High purity 100 ml of aluminum isopropylate is mixed with 100 ml of isooctane in the supply capacity of the installation. 85 l / min of a gas mixture of oxygen with ozone with a volume content of ozone of 80% is supplied through the peripheral channels of the burner. At the base of the central channel of the burner, a zone of reduced pressure is created, due to this, the prepared mixture is sprayed in the stream of the oxidizing reagent with an excess coefficient α _ok ≈2. The mixture is ignited with an electric igniter. In this case, 200 ml of the mixture burns in the reactor at a weighted average flame temperature of 2100 ° C for 5.5 minutes, resulting in approximately 26 g of α-alumina with a particle size of 0.25 to 1.7 μm, which are captured by the system filters.

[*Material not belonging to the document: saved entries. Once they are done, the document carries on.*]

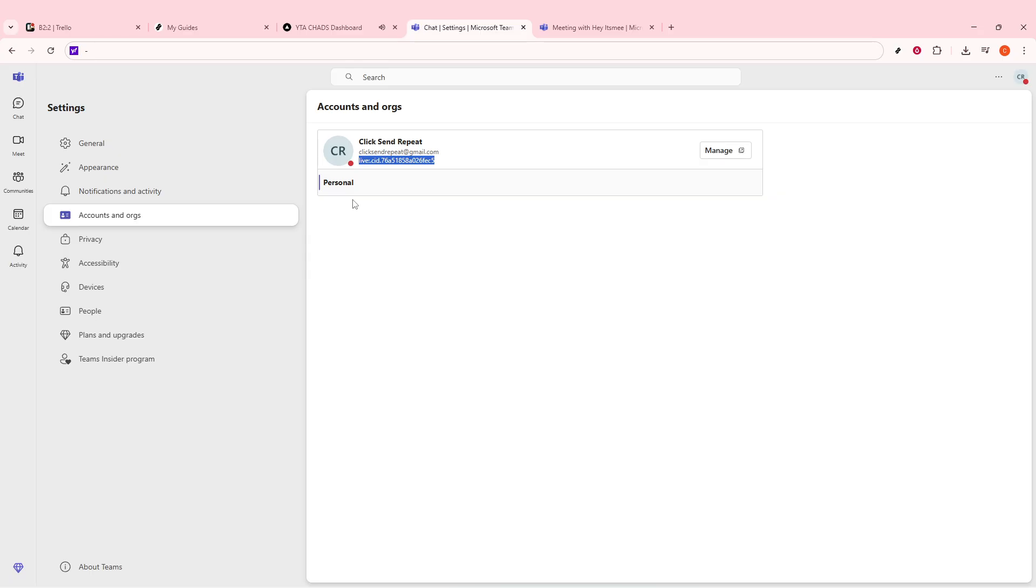So, to wrap it up, accessing your Microsoft Teams user ID is straightforward. Just open Teams, click on your profile picture at the top right corner, and view your email address beneath your name. That's your basic user ID, ready to use whenever you need it.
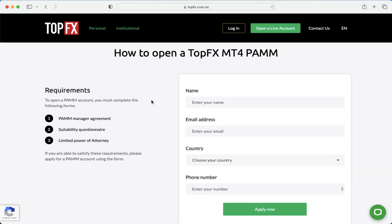Then you have to fill out the form and provide your name, email address, country, and phone number. Then click the Apply Now button in order to apply for the MT4 PAM account as a master trader or as a manager of the PAM account.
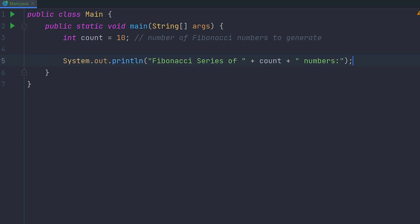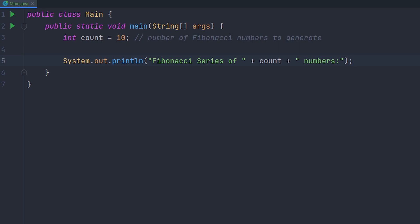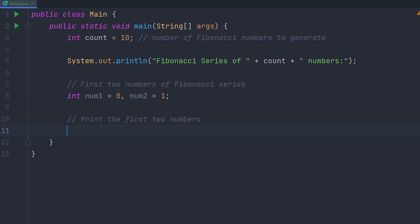Now let's print out this number by using a println which prints out Fibonacci sequence of count numbers. Now we're going to have to make two variables for the first two numbers of the Fibonacci sequence. After that, you're going to want to print out these first two numbers.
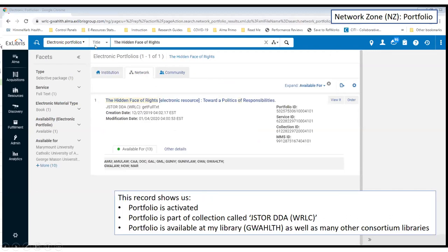Next is the network zone. I've searched for an item called 'The Hidden Face of Rights.' Because it's activated in the network zone, I know the WRLC is providing this resource. I can see the title of the collection — JSTOR DDA WRC — and down here in bold I can see all of the institutions that have this collection available. I know this particular item is available to my users at GWA Health.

The productivity of the process is 284 g / hour. The yield of alumina reaches 100% of the theoretical yield. Elemental carbon and metallic aluminum are not detected by hardware.

In addition to the simultaneous synthesis of mechanical mixtures of several metal oxides, the invention fundamentally allows the synthesis of fine crystalline forms of individual complex oxides of various sizes under certain specific conditions.

Claims (1)

A method of producing metal oxides by reacting dispersed liquid-drop forms of metal compounds with an oxidizing reagent, characterized in that for the production of lead oxide, aluminum oxide or mixtures thereof, the metal compounds are, respectively, an alkyl compound - tetraethyl lead, an alcoholate compound - aluminum isopropylate, or a mixture thereof which are mixed with an organic diluent - isooctane, a gas mixture of oxygen with ozone is used as an oxidizing reagent, the interaction is carried out in the temperature range from 1500 to 2300 ° C, while the amount of oxidizing reagent exceeds the stoichiometric not more than 4 times, and the ozone content in the gas mixture is from 25 to 90 vol.%.